## [Work task]
Every line containing the word "with" is to be copied from the data below.

Saved entries
####################

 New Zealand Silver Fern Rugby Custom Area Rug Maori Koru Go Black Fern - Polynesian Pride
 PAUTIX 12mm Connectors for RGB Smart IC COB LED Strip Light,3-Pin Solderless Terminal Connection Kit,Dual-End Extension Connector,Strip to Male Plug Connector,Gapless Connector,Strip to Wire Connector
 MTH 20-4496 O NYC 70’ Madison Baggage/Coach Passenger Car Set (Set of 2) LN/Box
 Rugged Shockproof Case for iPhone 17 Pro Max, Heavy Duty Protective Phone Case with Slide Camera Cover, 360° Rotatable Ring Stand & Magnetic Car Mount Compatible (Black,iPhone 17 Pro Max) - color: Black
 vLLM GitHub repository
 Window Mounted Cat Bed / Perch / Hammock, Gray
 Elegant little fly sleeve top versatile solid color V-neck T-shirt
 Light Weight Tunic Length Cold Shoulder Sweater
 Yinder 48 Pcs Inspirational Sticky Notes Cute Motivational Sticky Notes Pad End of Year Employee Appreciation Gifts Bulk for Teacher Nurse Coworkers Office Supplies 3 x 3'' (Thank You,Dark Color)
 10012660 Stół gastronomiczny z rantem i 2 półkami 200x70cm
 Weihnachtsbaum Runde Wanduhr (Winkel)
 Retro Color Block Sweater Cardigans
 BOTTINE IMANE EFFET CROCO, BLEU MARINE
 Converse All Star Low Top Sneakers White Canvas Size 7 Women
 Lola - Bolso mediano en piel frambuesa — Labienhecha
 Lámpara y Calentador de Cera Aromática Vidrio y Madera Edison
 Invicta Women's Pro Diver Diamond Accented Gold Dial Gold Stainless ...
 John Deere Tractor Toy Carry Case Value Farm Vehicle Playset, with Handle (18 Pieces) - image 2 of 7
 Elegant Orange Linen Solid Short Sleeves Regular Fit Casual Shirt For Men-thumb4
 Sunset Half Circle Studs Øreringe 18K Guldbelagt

####################

## [Your solution]
 Rugged Shockproof Case for iPhone 17 Pro Max, Heavy Duty Protective Phone Case with Slide Camera Cover, 360° Rotatable Ring Stand & Magnetic Car Mount Compatible (Black,iPhone 17 Pro Max) - color: Black
 John Deere Tractor Toy Carry Case Value Farm Vehicle Playset, with Handle (18 Pieces) - image 2 of 7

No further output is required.